Liquid-liquid extractions are commonly used across chemical process development to remove any undesired components including solvents, impurities, and catalysts from a reaction. Traditionally, these extractions are performed on a large scale and are therefore, low throughput, labour intensive, and time consuming. High-throughput techniques have been increasingly applied to accelerate chemical process development, executing many reactions across a wide design space and generating large data sets in a shorter period of time. This includes crystallisations and reaction optimisations, but less has been done regarding high-throughput reaction workup, as this workflow requires the implementation of state-of-the-art robotic platforms and the set-up of complex data management systems to collate information from different analytical techniques to a central repository.

Herein, we outline the automated liquid-liquid extraction workflow that has been developed for immiscible organic and aqueous phases as part of the high throughput strategy in Chemical Development at GSK. The use of the Unchained Labs’ Freeslate CM3 platform is demonstrated. This workflow includes an automated image analysis script for determining phase volumes, combining images taken on the Freeslate platform with a fit-for-purpose MATLAB^TM code. One of the main elements of the workflow is the automated and individual sampling of the organic and aqueous phase from the same sample (sampling from different heights) to obtain accurate density measurements for each one.

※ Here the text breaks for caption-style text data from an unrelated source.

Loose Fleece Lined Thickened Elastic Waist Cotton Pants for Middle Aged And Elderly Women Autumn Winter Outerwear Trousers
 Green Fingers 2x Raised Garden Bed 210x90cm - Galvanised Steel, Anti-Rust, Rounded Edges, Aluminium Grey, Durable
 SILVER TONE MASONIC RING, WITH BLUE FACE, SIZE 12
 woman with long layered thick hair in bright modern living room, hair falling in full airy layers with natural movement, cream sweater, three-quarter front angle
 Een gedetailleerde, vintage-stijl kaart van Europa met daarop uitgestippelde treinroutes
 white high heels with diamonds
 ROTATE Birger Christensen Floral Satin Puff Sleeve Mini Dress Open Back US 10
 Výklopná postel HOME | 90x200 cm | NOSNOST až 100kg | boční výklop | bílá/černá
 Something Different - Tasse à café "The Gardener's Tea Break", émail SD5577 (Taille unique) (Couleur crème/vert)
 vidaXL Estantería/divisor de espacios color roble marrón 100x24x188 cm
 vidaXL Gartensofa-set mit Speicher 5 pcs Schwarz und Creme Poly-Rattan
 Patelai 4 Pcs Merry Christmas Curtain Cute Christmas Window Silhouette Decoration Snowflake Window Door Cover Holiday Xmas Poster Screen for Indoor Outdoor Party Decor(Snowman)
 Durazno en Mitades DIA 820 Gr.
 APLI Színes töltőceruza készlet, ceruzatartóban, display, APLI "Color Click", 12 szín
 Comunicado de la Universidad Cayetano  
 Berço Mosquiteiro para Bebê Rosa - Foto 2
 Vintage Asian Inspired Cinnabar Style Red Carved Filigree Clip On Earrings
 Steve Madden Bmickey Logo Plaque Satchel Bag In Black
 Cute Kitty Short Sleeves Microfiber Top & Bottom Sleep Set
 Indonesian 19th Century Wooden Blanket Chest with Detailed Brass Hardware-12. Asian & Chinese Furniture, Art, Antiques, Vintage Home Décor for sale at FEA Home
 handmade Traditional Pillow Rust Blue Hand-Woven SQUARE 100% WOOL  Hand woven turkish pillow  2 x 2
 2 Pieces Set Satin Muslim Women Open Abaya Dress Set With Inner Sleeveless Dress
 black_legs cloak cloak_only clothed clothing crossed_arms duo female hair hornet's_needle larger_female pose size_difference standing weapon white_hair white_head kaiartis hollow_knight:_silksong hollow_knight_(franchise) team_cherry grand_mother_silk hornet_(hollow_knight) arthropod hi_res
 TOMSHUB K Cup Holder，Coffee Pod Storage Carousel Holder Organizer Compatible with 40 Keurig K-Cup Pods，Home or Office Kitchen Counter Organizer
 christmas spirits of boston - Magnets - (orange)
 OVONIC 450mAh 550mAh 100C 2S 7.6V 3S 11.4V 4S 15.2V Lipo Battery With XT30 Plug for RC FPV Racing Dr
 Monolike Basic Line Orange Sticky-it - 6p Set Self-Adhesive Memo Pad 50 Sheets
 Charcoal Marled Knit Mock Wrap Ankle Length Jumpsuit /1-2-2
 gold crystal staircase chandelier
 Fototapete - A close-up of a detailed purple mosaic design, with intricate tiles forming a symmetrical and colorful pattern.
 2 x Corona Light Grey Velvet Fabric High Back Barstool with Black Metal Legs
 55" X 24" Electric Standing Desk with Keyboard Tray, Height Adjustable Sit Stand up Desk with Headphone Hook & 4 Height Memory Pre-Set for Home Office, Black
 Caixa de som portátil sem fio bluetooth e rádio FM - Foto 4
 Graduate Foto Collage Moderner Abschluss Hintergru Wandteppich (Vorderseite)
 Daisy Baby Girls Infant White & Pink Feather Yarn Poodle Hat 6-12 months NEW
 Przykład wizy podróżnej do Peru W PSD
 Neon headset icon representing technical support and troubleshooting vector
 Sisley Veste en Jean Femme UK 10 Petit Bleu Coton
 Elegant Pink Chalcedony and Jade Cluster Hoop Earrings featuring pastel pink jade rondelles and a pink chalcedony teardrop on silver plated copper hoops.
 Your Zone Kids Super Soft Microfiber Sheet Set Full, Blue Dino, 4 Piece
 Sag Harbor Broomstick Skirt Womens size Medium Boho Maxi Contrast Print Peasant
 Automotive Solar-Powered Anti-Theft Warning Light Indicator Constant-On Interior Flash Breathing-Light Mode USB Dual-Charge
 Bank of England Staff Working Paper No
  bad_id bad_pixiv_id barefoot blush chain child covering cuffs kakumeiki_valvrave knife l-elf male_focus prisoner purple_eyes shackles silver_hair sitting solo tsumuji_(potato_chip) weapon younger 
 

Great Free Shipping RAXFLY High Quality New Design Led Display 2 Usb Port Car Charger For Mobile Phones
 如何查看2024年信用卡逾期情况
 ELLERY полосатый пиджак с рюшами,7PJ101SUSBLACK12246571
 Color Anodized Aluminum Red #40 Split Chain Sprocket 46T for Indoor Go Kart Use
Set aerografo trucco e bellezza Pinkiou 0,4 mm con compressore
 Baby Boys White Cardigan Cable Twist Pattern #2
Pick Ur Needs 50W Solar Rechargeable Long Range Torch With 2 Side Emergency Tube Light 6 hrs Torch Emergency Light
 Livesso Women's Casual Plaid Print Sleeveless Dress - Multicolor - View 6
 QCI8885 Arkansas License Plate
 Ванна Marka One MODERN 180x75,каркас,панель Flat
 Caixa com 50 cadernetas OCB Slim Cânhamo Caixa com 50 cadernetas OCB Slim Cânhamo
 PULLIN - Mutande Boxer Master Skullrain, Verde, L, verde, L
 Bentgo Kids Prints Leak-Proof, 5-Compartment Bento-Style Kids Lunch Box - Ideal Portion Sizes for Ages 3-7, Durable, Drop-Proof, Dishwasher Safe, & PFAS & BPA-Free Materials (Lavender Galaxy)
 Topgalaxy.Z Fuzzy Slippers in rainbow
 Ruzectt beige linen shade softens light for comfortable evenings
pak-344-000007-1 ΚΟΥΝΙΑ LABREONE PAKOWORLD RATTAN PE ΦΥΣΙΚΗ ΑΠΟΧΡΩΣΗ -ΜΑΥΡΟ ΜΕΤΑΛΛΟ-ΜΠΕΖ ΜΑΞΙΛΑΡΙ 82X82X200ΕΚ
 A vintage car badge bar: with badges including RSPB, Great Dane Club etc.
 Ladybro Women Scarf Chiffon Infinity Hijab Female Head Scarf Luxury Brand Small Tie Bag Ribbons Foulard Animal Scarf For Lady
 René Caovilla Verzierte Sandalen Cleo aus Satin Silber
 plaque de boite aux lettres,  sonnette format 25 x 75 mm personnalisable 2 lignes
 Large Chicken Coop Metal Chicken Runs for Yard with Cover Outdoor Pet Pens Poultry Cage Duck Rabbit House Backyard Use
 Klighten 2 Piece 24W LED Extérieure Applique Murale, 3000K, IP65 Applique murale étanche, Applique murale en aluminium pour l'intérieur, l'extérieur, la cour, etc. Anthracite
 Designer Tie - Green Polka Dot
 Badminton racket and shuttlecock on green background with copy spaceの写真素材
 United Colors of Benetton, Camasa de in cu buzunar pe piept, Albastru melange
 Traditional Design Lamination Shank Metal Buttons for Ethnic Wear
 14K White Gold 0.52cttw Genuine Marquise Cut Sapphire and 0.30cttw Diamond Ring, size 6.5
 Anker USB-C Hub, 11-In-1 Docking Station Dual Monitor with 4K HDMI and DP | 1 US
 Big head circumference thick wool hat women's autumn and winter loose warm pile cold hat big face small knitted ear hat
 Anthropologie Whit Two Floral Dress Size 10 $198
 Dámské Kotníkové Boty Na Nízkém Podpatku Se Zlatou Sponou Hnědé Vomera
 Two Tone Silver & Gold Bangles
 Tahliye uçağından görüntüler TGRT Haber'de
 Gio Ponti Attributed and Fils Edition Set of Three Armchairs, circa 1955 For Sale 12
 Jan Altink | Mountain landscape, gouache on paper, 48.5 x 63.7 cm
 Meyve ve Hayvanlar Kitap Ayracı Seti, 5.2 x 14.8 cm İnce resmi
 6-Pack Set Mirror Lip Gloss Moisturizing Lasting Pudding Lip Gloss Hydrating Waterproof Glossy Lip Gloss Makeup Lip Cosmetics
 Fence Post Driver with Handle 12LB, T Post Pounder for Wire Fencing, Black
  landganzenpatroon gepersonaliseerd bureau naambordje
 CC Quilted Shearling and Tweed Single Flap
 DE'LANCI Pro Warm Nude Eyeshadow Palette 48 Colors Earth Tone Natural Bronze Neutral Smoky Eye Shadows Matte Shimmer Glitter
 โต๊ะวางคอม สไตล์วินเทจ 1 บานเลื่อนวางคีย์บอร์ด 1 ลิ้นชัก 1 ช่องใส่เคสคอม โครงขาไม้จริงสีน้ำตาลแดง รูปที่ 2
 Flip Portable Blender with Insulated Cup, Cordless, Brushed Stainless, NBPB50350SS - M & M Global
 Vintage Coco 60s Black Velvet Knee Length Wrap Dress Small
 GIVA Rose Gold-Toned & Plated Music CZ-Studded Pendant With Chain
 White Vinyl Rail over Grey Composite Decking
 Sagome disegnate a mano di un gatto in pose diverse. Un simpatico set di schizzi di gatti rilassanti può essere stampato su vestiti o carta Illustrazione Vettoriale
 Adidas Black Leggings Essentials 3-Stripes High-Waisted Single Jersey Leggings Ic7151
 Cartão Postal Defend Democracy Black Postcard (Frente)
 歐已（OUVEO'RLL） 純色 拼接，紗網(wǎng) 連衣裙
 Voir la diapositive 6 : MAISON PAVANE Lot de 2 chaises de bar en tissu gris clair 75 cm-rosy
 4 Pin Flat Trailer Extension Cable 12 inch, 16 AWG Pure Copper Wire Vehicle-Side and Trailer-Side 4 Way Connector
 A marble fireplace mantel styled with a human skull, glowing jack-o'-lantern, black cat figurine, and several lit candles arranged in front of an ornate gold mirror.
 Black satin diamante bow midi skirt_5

In addition to the controlled sampling, several process parameters such as mixing rate and time, concentrations and pH, are systematically investigated to maximise the yield/purity of the desired product.

A 30-second high-throughput UPLC method was applied, along with KF and NMR to understand API recovery, partitioning of all reaction components and obtain a full mass balance. in partnership with Metrohm, an industry-first high-throughput KF instrument, capable of handling plates in a fully automated workflow, was developed. Furthermore, the application of a 13-component test mix to the UPLC is discussed, helping to detect and troubleshoot faults with the instrument.

The workflow demonstrates the importance of high-throughput technologies and their applicability in chemical process development in lieu of traditional manual methods, allowing this to be continually applied to projects in Chemical Development.